> **Data**
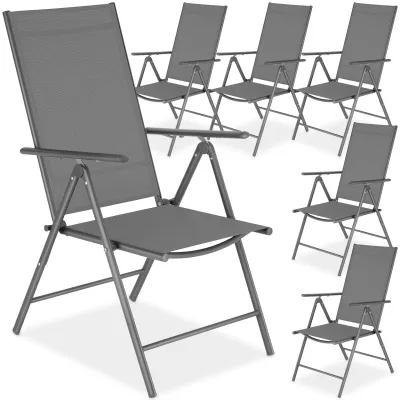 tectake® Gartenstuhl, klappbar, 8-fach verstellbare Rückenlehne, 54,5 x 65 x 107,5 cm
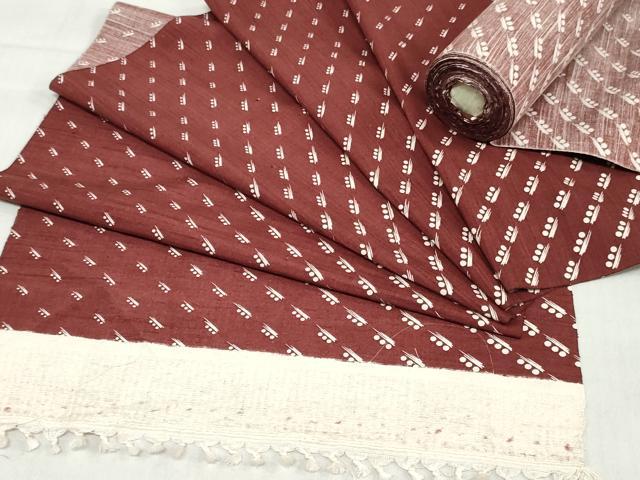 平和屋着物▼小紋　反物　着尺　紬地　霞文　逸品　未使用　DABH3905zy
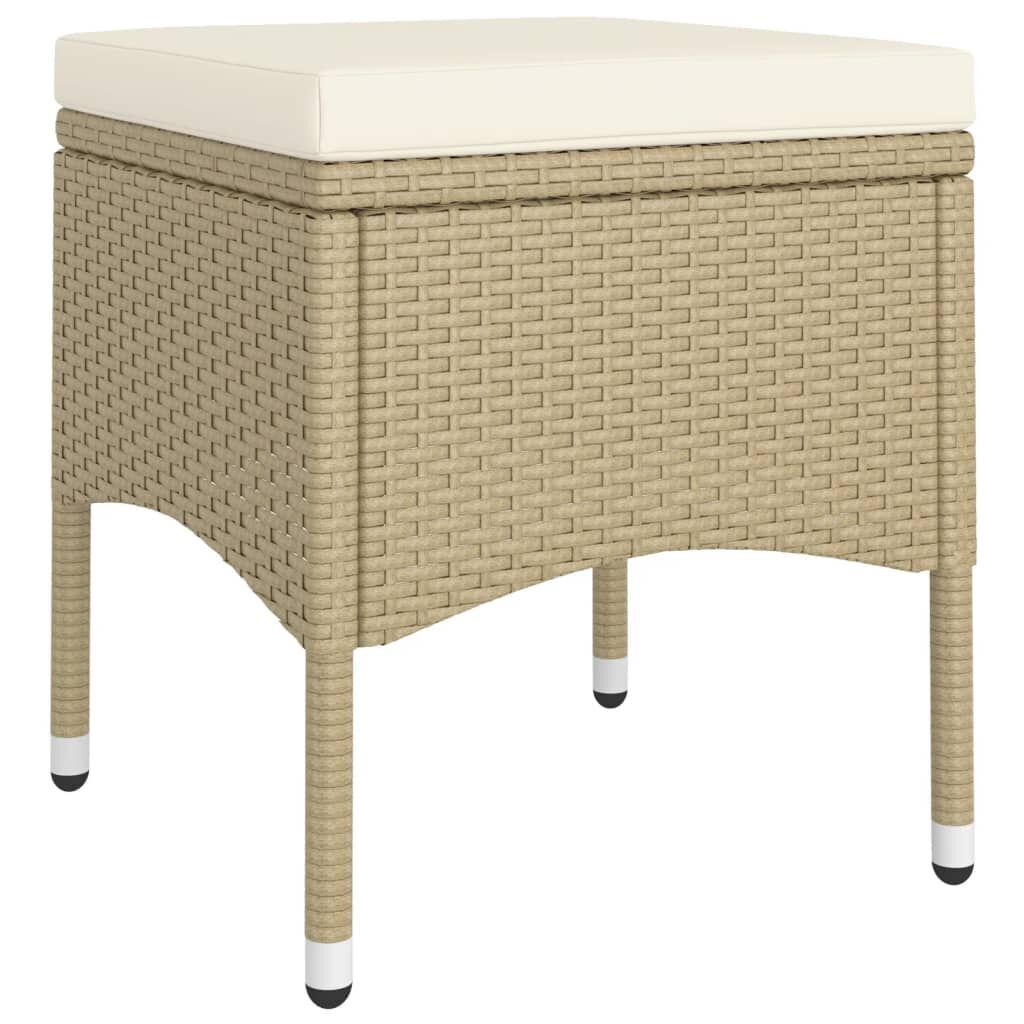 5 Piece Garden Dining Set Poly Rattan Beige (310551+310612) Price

> **Exercise**
Please give back the material above exactly as written, pictures omitted.

> **Response box**
 tectake® Gartenstuhl, klappbar, 8-fach verstellbare Rückenlehne, 54,5 x 65 x 107,5 cm
 平和屋着物▼小紋　反物　着尺　紬地　霞文　逸品　未使用　DABH3905zy
 5 Piece Garden Dining Set Poly Rattan Beige (310551+310612) Price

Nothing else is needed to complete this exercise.